Normalização das relações interessa aos dois países Em contraste com os anos de rusgas entre Chávez e Álvaro Uribe, que até a semana passada ocupava a Presidência colombiana, o venezuelano chegou sorridente e foi recebido em Santa Marta com honras militares.
As bandeiras colombiana e venezuelana na janela do avião que levou Chávez já indicavam o clima que marcaria a reunião.
Empossado no sábado, Santos foi buscar o auxílio do herói da independência da América Espanhola, de quem Chávez é um admirador declarado, para apaziguar as relações com a Venezuela. O encontro aconteceu na fazenda onde Bolívar viveu seus últimos dias, hoje um museu em sua homenagem.
Aqui começaremos, com o coração à frente, a reconstruir o que desmoronou disse Chávez, que ainda felicitou Santos por seu aniversário. Decidimos restabelecer plenamente as relações diplomáticas e políticas, apesar da gravidade das coisas que ocorreram. Você disse que havia eliminado a palavra guerra de seu dicionário, pois eu também, presidente.
Antes do encontro, Santos dizia estar otimista e que desejava reconstruir as relações em bases firmes e duradouras.

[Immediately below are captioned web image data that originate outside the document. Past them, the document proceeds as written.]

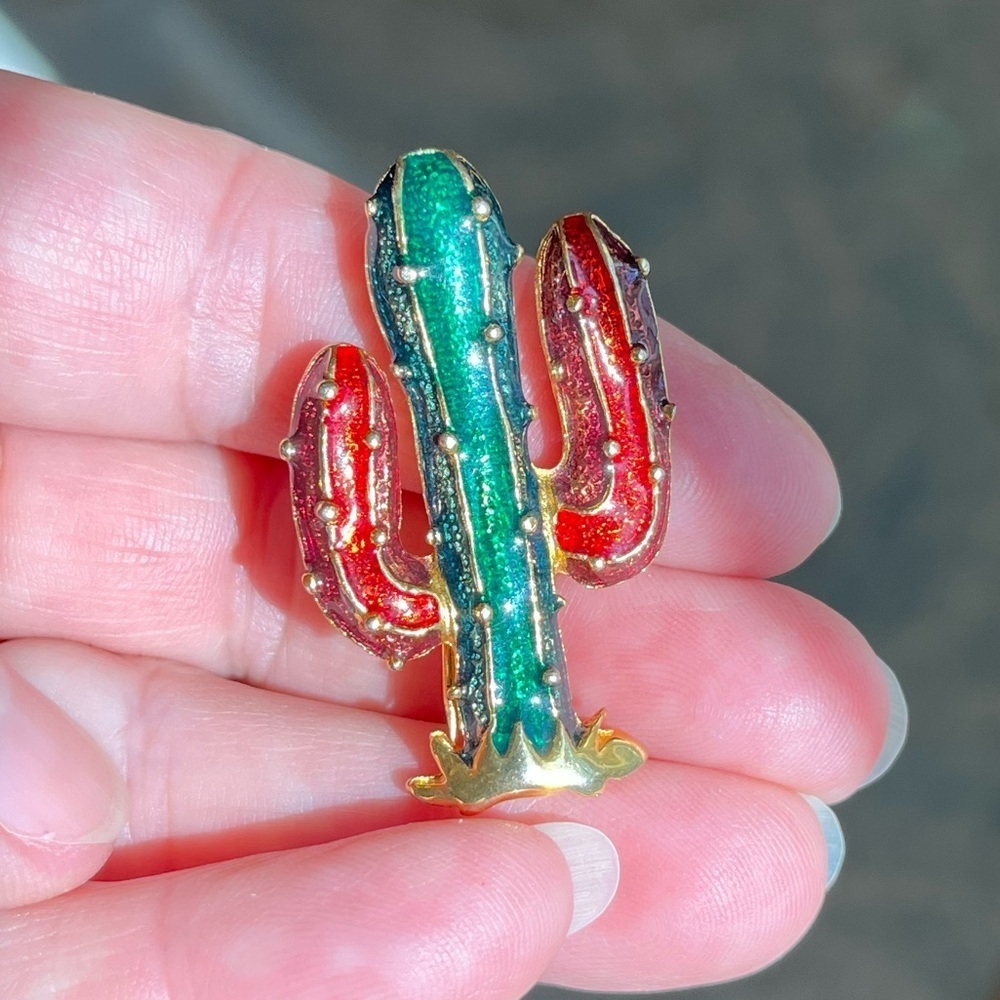 Cactus Brooch Gold Tone with Red and Green Enamel - Picture 7 of 12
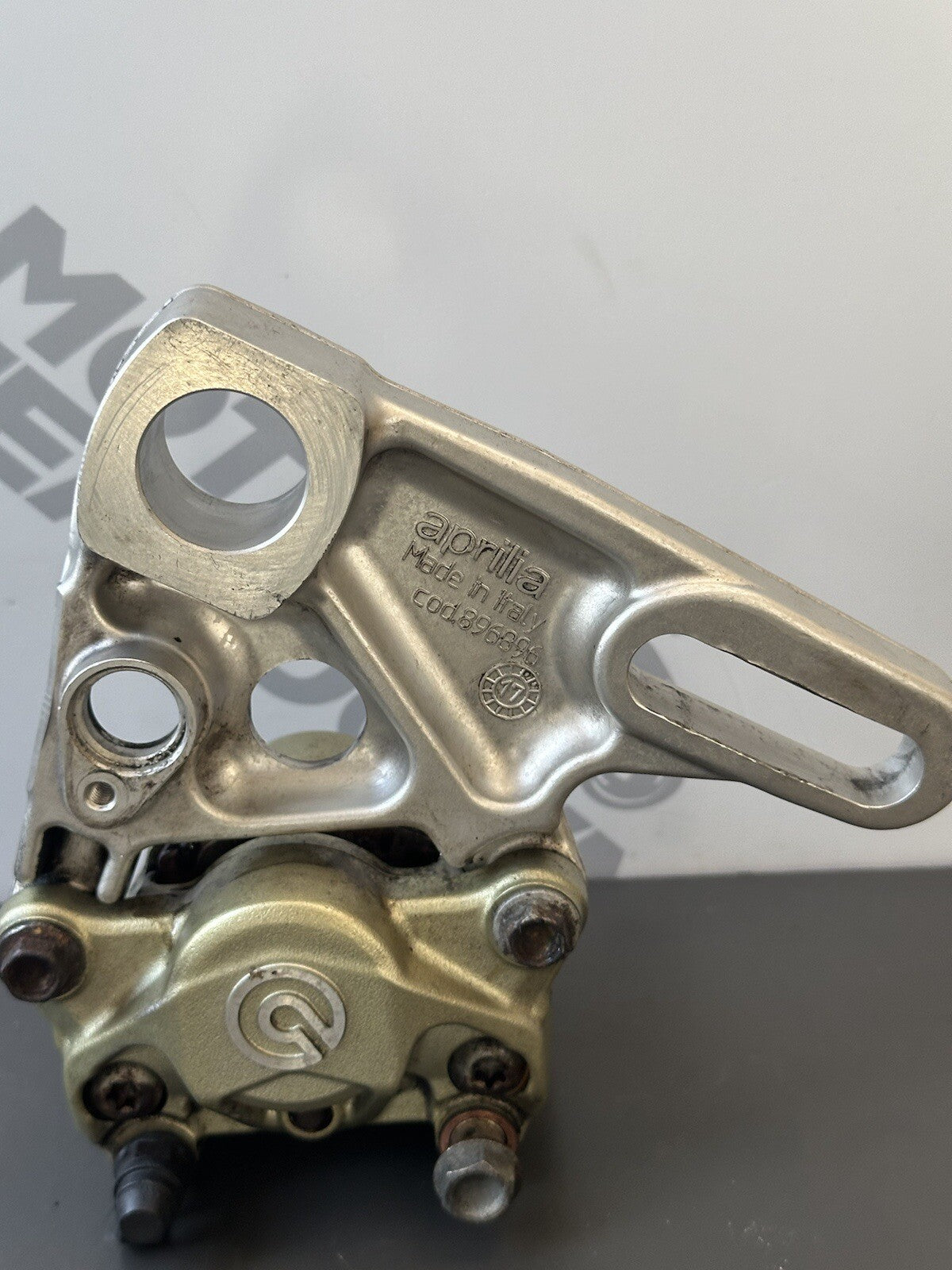 Aprilia Tuono V4 1100 FACTORY BREMBO Rear Brake Caliper & Hanger RSV4 OEM 2017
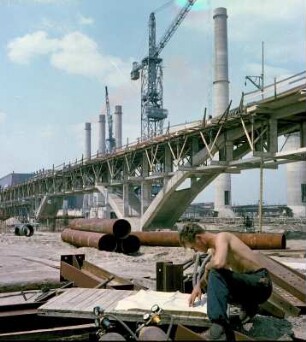 Baustelle des volkseigenen Betriebes Gaskombinat Schwarze Pumpe : Zweite Aufbausphase des Kombinats Schwarze Pumpe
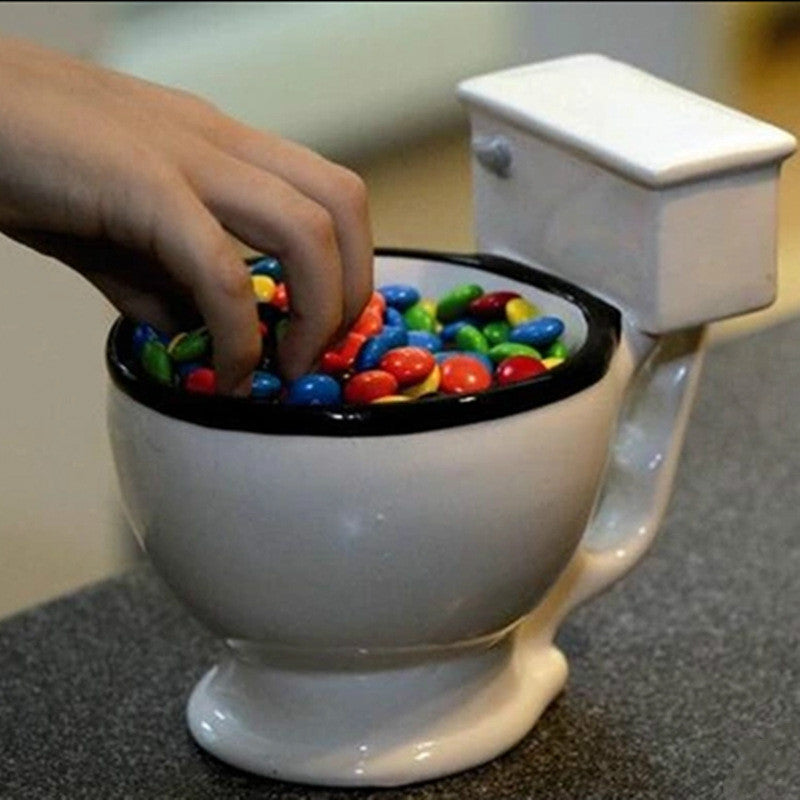 Funny toilet-design ceramic mug with handle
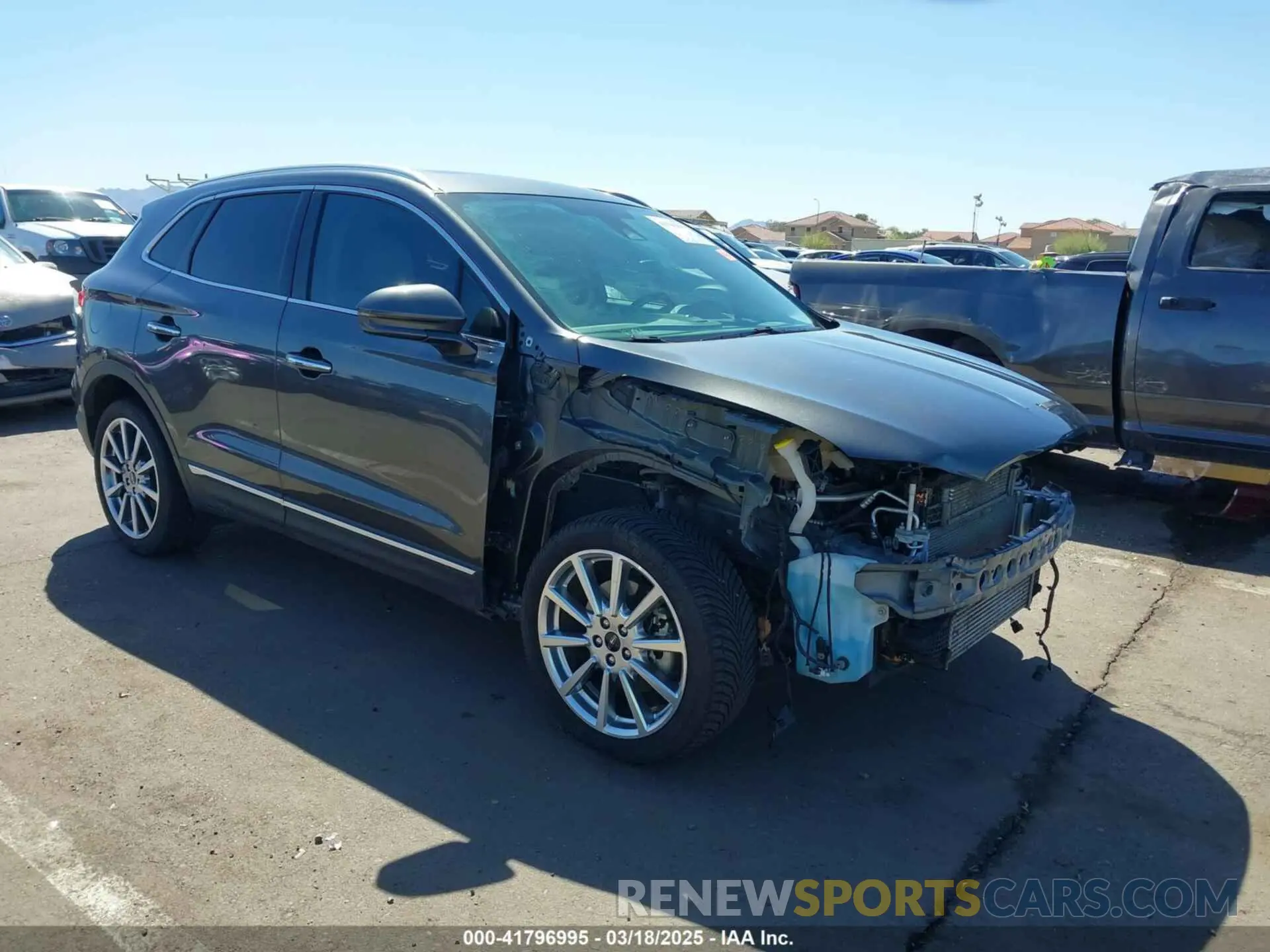 6 Photograph of a damaged car 5LMCJ3C90KUL23099 LINCOLN MKC 2019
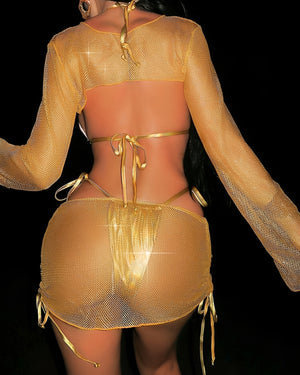 Biquíni Dourado Metálico com Amarração Ajustável – Moda Praia Luxo, Sensual e Exclusiva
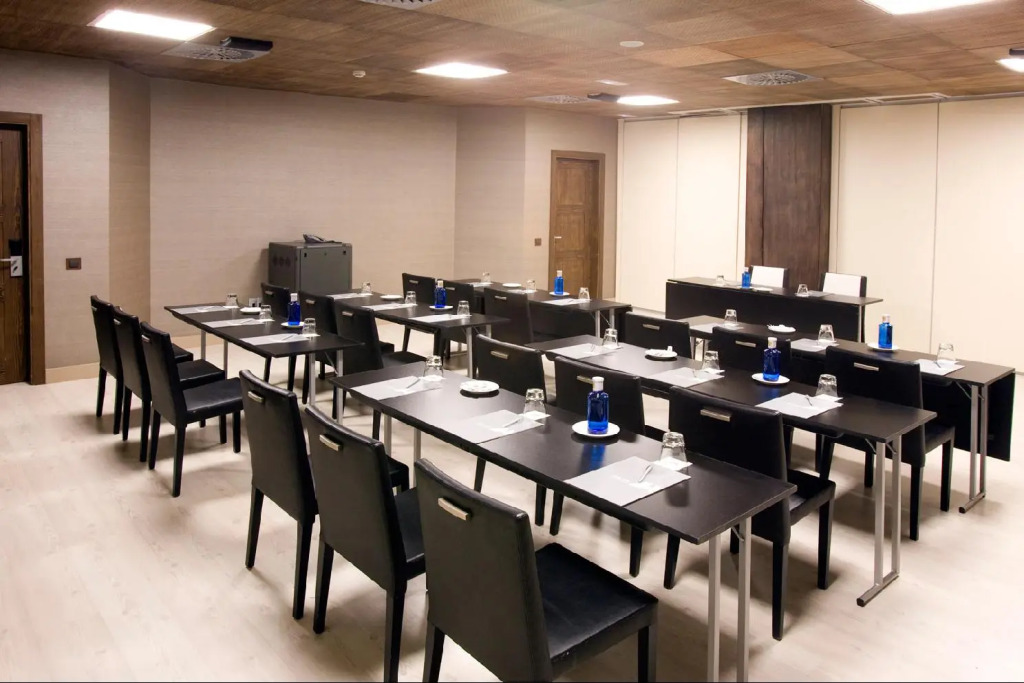 Hotel Val de Neu G.L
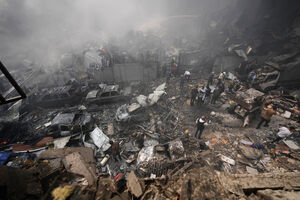 Moradores reúnem-se no local do ataque aéreo israelita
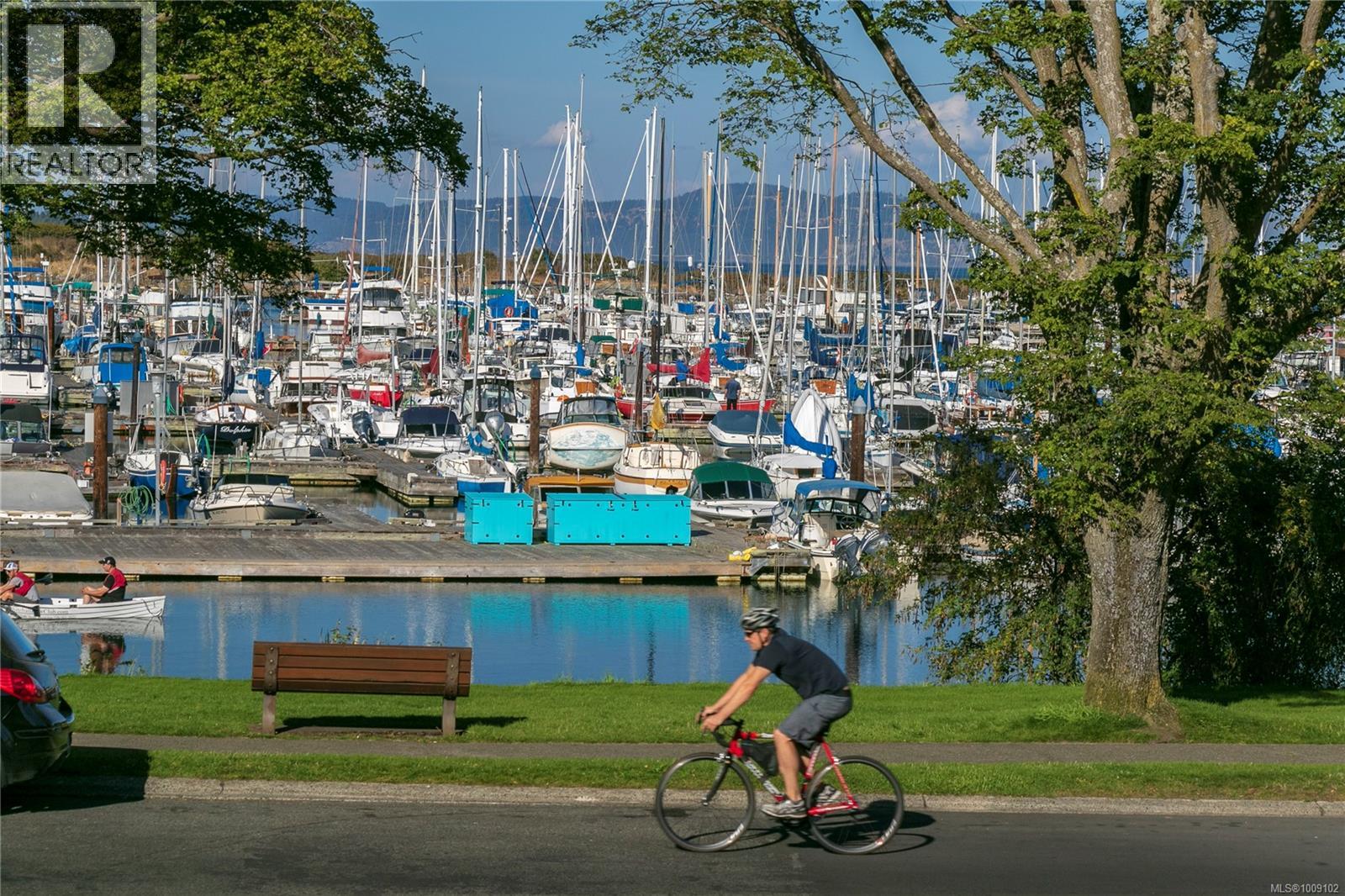 Photo 31 of 821 Newport Ave, Oak Bay BC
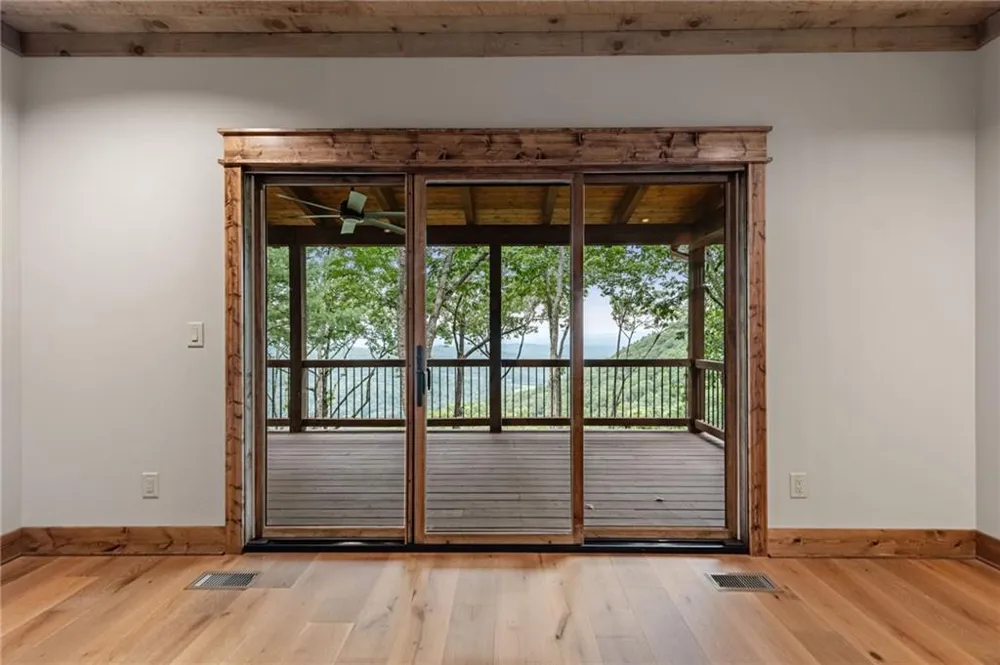 380 Utana Bluffs Trail Ellijay, GA 30540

Decidimos restabelecer as relações e lançar um roteiro para que todos os aspectos possam ser analisados. O presidente Chávez e eu concordamos na necessidade de colocar as necessidades de nosso povo acima de uma conveniência pessoal declarou Santos.
As relações entre os dois países, que já eram difíceis, pioraram no último ano, após um acordo para o uso de bases colombianas pelos Estados Unidos.
Como represália, a Venezuela suspendeu suas importações do vizinho. A crise culminou nos últimos dias do governo Uribe, que acusou a Venezuela de tolerar a presença de guerrilheiros colombianos em seu território. Chávez, então, cortou relações em 22 de julho.
Paralelamente ao encontro dos dois presidentes na Quinta de San Pedro Alejandrino hoje um museu dedicado a Bolívar os chanceleres dos dois países, a colombiana María Angela Holguín e o venezuelano Nicolás Maduro, discutiam o assunto, antes de uma reunião dos quatro com o secretário-geral da Unasul, Néstor Kirchner.
Mais cedo, María Angela havia revelado que um dos pontos a serem discutidos era a dívida venezuelana.
Mais do que o restabelecimento comercial, o que queremos buscar é uma decisão sobre o pagamento da dívida. Sabemos como foi prejudicial para os empresários que trabalham na Venezuela disse.
A tensão nas relações afetou as exportações colombianas para a Venezuela, que caíram de US$ 6 bilhões para US$ 1 bilhão. A normalização das relações também interessa a Chávez, pois diminuiria o desabastecimento que seu país sofre, ajudando os candidatos de seu partido nas eleições legislativas de setembro.